### Exercise instructions
Each entry below is to be given again word for word, with no pictures.

Segment Open

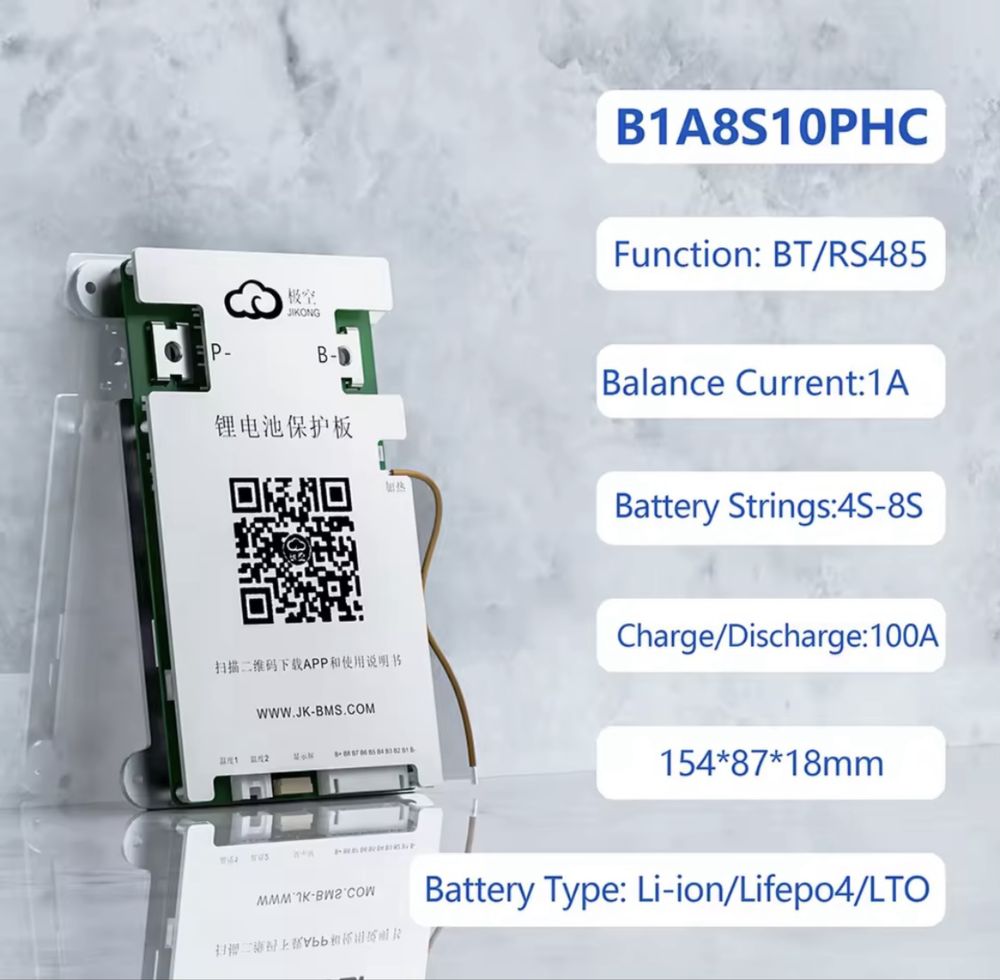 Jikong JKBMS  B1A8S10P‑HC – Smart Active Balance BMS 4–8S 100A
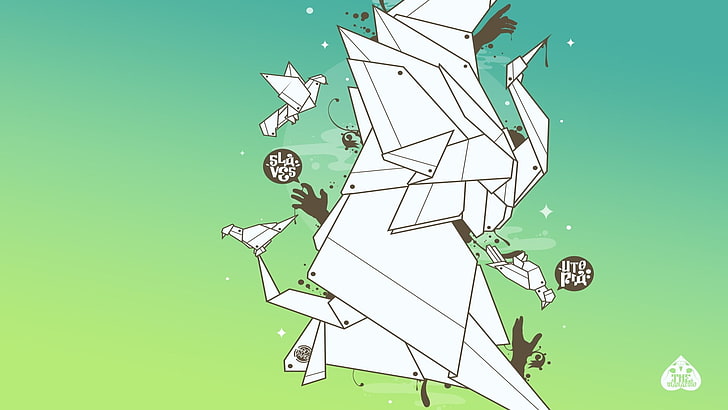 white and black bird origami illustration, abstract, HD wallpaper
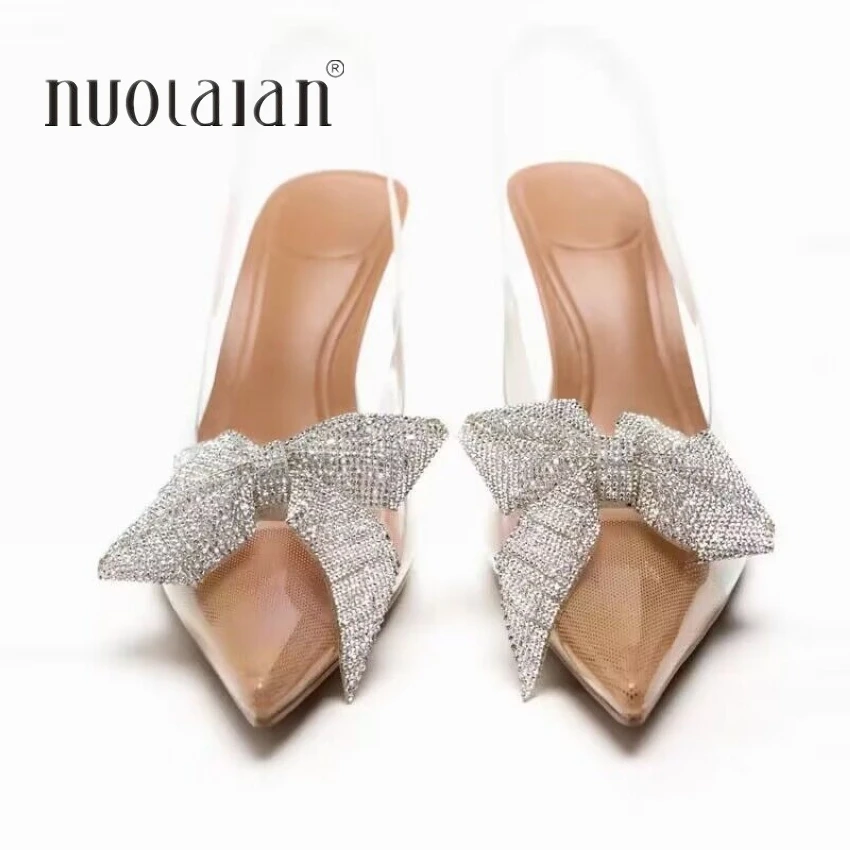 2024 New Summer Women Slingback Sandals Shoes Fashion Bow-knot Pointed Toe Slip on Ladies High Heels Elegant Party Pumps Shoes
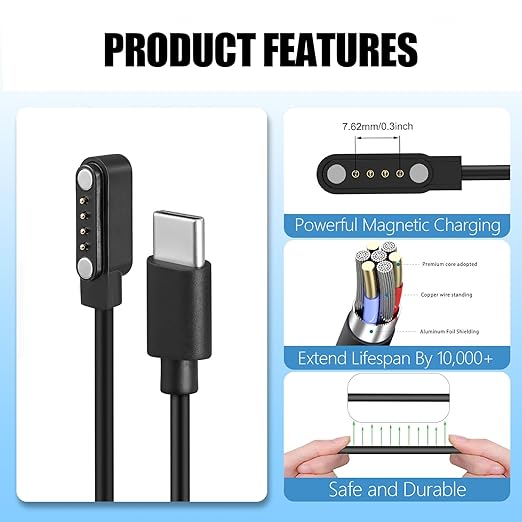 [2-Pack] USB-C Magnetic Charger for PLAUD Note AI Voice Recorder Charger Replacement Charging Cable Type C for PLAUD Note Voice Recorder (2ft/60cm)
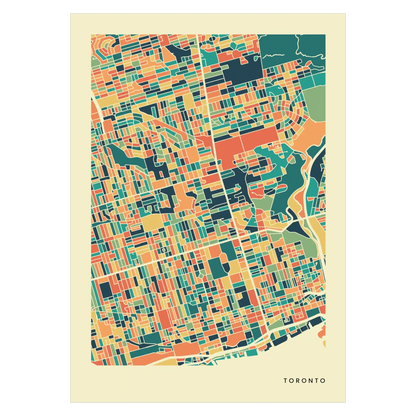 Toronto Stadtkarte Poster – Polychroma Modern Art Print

Segment Closed

### Reply
 Jikong JKBMS  B1A8S10P‑HC – Smart Active Balance BMS 4–8S 100A
 white and black bird origami illustration, abstract, HD wallpaper
 2024 New Summer Women Slingback Sandals Shoes Fashion Bow-knot Pointed Toe Slip on Ladies High Heels Elegant Party Pumps Shoes
 [2-Pack] USB-C Magnetic Charger for PLAUD Note AI Voice Recorder Charger Replacement Charging Cable Type C for PLAUD Note Voice Recorder (2ft/60cm)
 Toronto Stadtkarte Poster – Polychroma Modern Art Print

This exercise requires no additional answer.